Jennifer Lynn Knapp (born April 12, 1974) is an American-Australian folk rock, and contemporary Christian musician. She is best known for her first single "Undo Me" from her debut album, Kansas (1998), and the song "A Little More" from her Grammy Award-nominated album, Lay It Down (2000). The Way I Am (2001), was also nominated for a Grammy. In total, the three albums have sold approximately 1 million copies. After taking a seven-year hiatus, Knapp announced in September 2009 that she was returning to music. On May 11, 2010, she released Letting Go with the single "Dive In". The album debuted at No. 73 on the Billboard 200 chart. Knapp's memoir Facing the Music (Howard Books / Simon & Schuster) and new album Set Me Free (Righteous Babe Records) came out in October 2014. Her 2017 album release, Love Comes Back Around produced by Viktor Krauss, pairs her fearless songwriting and strong, expressive voice with rootsy arrangements.

Early life
Knapp was born in Chanute, Kansas on April 12, 1974, and was brought up irreligiously along with her twin sister Lori. Knapp's parents divorced when she was three and she spent an unhappy childhood with her remarried father until leaving home at 18.

As a classically trained musician Knapp played trumpet in high school, and attended Pittsburg State University on a music scholarship. It was there that she converted to Christianity and eventually incorporated spiritual themes into her music.

From there, Knapp began performing throughout the Midwest selling her two custom recordings at shows. Her second indie album, Wishing Well, attracted the attention of Nashville label Gotee Records, who signed her the following year.

Musical career
Kansas, her critically acclaimed debut release, was received widely and eventually sold over 500,000 copies, becoming Gold-certified by the RIAA. She began touring America, singing primarily in churches, but also appeared at festivals such as the 1999 Lilith Fair, and at large venues including during her 2000 tour in which she opened for Christian music headliner Third Day. She won Dove Awards in 1999 for New Artist of the Year and Rock Song of the Year for her song Undo Me. Lay It Down, her 2000 release, garnered a Grammy Award nomination in 2001.

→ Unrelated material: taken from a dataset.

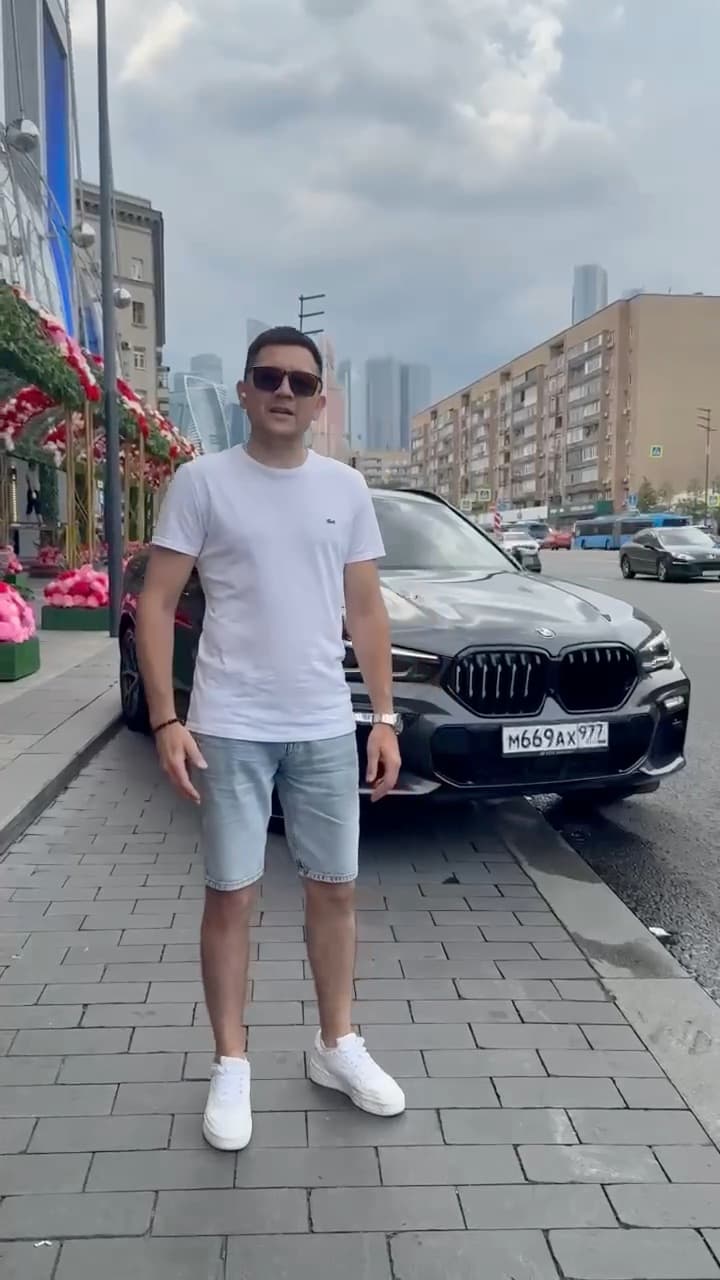 BMW X6 — отзыв владельца в Москве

In addition to her own releases, she has collaborated with a number of artists on various studio projects and releases including lending an early studio version of the song A Little More from Lay It Down on Sparrow Records' 1999 compilation album Listen Louder.

Hiatus
In an interview from the January/February 2004 issue of Relevant Magazine, Knapp stated that she was taking a break from music for a while, leaving the future of her career in God's hands. She had released two albums, Lay It Down and The Way I Am, in 2000 and 2001 respectively, which Knapp said caused a stressful touring schedule. She said she'd already made the decision to take a break in mid-2001, but her schedule did not allow her to stop performing until September 2002, when she played the last concert of her tour.  "It was definitely time for a break," she said. "I was touring Lay It Down while recording The Way I Am, then went directly into touring that record. It got to where I was just doing shows to support the record, rather than having a record support the heart of the people I was supposed to be serving." Knapp gave no indication of when new material would surface. "Truly, no plans and no promises of when," she said. "At this time, there's really not enough material and I don't want to force anything just for the sake of getting a record finished."

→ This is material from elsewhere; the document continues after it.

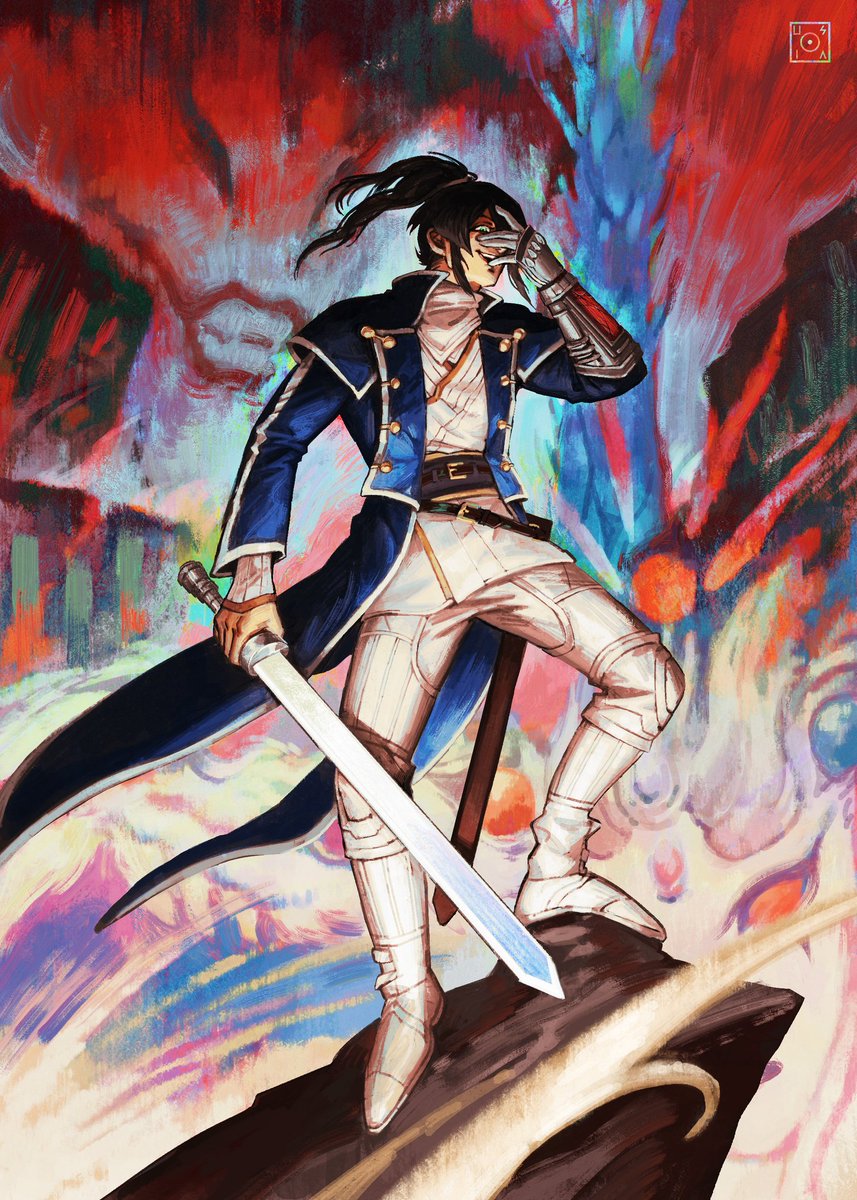ousia1yang's tweet photo. Oh hey! It's Flynn across all platforms! https://t.co/xKcsOw0tnd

On January 24, 2006, Gotee Records issued the album Jennifer Knapp Live with tracks from her three studio albums recorded live in concert. On February 26, 2008, Gotee Records re-issued a 10th anniversary edition of Kansas with re-mastered and additional tracks, including "Jesus Loves Me (Wishing Well version)" and other tracks from her 2006 live album.

Return to music
On August 28, 2009, Patrol Magazine reported that Knapp's management confirmed she is "starting to write and record again."  On September 18, Knapp issued a personal letter to fans on her website in which she discussed her hiatus and her plans to return to music.  Knapp returned from her hiatus on September 24 with a concert at the Hotel Cafe in Los Angeles, California.

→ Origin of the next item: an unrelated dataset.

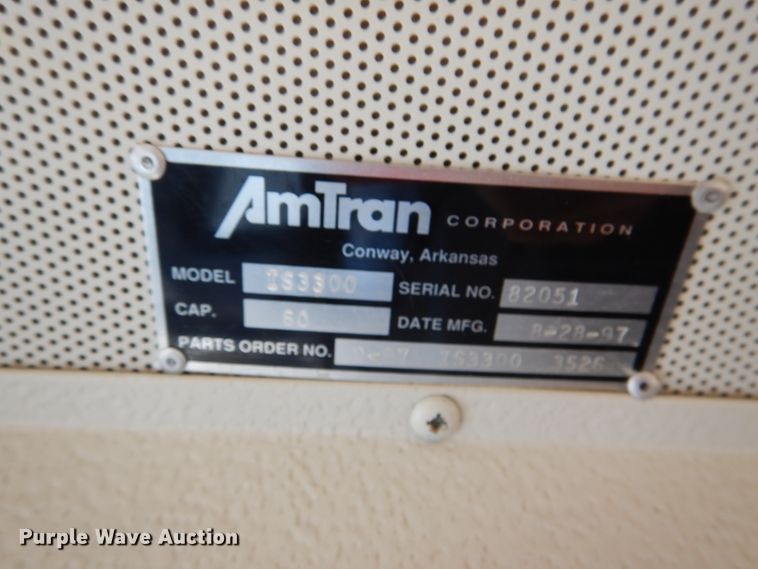 image for item DM1321 1998 International 3000  school bus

On February 4, 2010, Knapp announced that her new album Letting Go would be released on May 11. She also announced spring 2010 tour dates with Derek Webb and summer appearances on the revived Lilith Fair tour.

Knapp began recording a new album in Nashville with producer Jacob Lawson in early 2014. The album Set Me Free was released on October 14, 2014, on Righteous Babe Records. In 2019, she announced she wanted to advocate for LGBT people of faith, and would begin performing Christian music again.

Personal life
Following the end of her 2002 tour, Knapp moved to Australia and has since taken up Australian citizenship.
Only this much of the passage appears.